In the 5G world, automation is a must. Communications Service Providers (CSPs) are striving to deliver the dynamic and ultra-fast services we have come to know and want; however, this means that traditional and manual processes can no longer suffice. Instead, automation is becoming a necessity, especially as the roll out of 5G continues. CSPs are looking to deliver on the cloud-like network experiences customers want, and this means leveraging Artificial Intelligence (AI) and Machine Learning (ML) to automate the trouble-to-resolve process.
CSPs face several challenges as they work to roll out 5G and transition to cloud-based, virtual infrastructure. Firstly, technologies like 5G, edge computing and SD-WAN, are creating much more dynamic networks with more distributed workloads. These networks, services and technologies therefore need completely different types of support. To further complicate the issue, the newly introduced protocols and network architectures can also increase the time it takes to remediate issues..
CSPs are also managing more continuous software releases in their networks and operations. As a result, interoperability issues are surfacing between different suppliers, application providers, and the underlying infrastructure creating more outages for end users. It doesn’t help that CSPs are facing a shortage of skilled software operators and existing staff must adapt to all the changes that are occurring. Operators normally build excess capacity into their networks for peak loads, but cloud fundamentally changes this, requiring the adoption of agile DevOps practices and rapid introduction of new services.
These factors are making it more difficult than ever before for operators to address issues using traditional, manually intensive processes. Not to mention, these factors also cause an increase in operational costs. To address this, CSPs need to shift from traditional methods of assurance, such as root-cause analysis and event-based monitoring, to automated assurance, which uses AI to harness large data sets within the operator’s environment and then applies ML algorithms for continuous learning. This can help CSPs identify problems before they affect customers.
Taking steps towards automation
In this new 5G era, CSPs still need to collect, correlate, visualise network events and fix problems. But now they must do it on a massive scale, which requires an additional level of intelligent automation that can be provided only by AI and ML. Incorporating these technologies into service assurance won’t happen instantly, however, CSPs can gradually introduce the new capabilities.
The first step is providing analytics insights to operations teams.

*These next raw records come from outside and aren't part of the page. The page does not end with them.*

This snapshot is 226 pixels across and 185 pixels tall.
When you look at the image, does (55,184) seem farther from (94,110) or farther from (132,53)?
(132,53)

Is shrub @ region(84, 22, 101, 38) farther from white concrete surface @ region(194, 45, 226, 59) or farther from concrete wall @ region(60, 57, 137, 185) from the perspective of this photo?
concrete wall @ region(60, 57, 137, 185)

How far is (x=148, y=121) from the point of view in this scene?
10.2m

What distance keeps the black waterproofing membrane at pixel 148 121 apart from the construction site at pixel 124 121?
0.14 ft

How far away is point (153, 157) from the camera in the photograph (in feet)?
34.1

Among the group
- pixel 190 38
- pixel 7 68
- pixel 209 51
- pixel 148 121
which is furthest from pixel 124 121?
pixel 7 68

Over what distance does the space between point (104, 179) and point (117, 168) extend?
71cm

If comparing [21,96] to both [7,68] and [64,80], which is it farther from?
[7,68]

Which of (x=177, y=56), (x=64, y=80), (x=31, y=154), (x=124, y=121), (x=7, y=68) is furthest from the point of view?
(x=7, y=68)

Then they can verify that the results are accurate and implement responses manually. Over time as the intelligence is validated, it can be built into automated workflows. ML tools will be key to the automation step. These work by analysing the rapidly growing number of performance metrics, alarms, and user actions that telco networks generate daily and observing patterns over time.
Based on the continuous learning, closed-loop management can be implemented to automate the processing of new events as they occur. Closed-loop automation continuously assesses network conditions, traffic and performance demands, and resource availability, to determine the best path for traffic to take. The process, which introduces ML into operations, relies on analytics, policy, and orchestration to enable self-optimisation.

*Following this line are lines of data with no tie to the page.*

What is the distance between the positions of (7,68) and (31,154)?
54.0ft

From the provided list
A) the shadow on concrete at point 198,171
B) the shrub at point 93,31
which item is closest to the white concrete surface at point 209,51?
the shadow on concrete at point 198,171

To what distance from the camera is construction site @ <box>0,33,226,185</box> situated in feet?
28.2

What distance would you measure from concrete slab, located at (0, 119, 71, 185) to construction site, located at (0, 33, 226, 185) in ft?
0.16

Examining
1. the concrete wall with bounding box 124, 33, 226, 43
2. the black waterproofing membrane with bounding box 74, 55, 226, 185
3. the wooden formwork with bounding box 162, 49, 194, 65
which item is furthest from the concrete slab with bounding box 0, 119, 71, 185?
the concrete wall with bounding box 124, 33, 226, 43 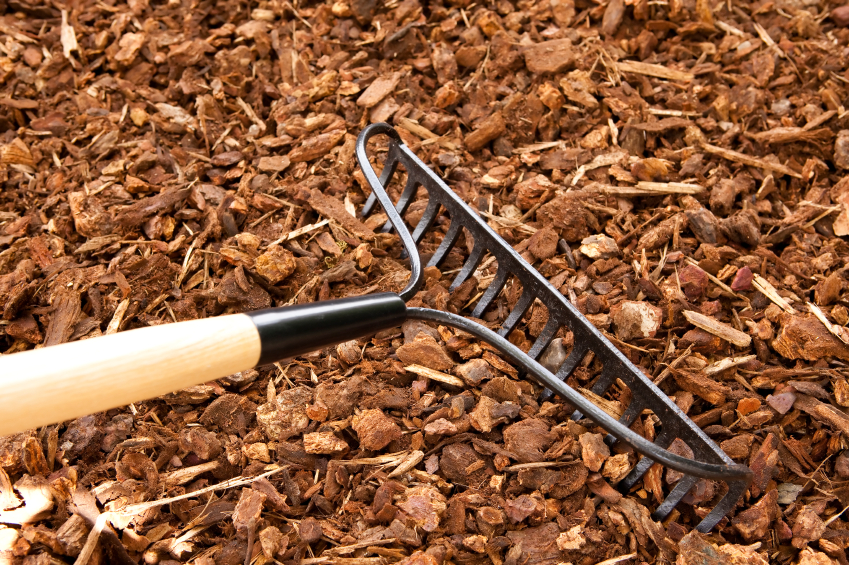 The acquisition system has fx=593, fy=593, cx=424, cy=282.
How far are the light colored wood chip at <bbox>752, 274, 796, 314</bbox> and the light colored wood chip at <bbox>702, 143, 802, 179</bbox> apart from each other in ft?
1.77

Network slicing as a use case
Automated assurance becomes especially important as CSPs virtualise their core networks and introduce 5G network slicing, which allows operators to deliver dynamic services that have different requirements for throughput, latency, and availability over the same underlying infrastructure. As CSPs deploy IP/MPLS in their backhaul networks, changes in routers at the infrastructure layer can have unintended consequences on network slices and, as a result, on end-user experiences.
With networks being disrupted and degraded without an easy-to-identify cause, then the question becomes how to make changes to the network and routing in real-time, and effectively resolve issues while ensuring different types of users, services, and their SLAs are not impacted.

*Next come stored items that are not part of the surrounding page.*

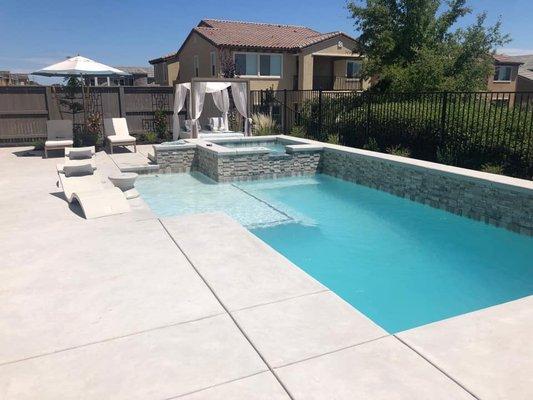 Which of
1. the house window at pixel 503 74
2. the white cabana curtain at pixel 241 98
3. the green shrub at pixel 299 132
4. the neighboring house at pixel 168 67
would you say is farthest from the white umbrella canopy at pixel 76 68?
the house window at pixel 503 74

ML tools can help efficiently troubleshoot and resolve these types of issues. They can help CSPs identify network configuration changes that might be risky, recommend which services to shift to a preferred path, and how to implement the change. They can also facilitate faster problem resolution by creating correlations between a problem seen in the network and similar issues that have occurred in the past.
The good news is that help is on hand for CSPs looking to work toward this automated assurance nirvana. By combining domain orchestration with automated network analytics through the right solutions, operators can build a unified view of what their network looks like. From the application layer to the virtual infrastructure and servers that support them, down to the transport network that interconnects all the devices – and push any changes that are required into the network. The result is an unprecedented level of end-to-end visibility and control.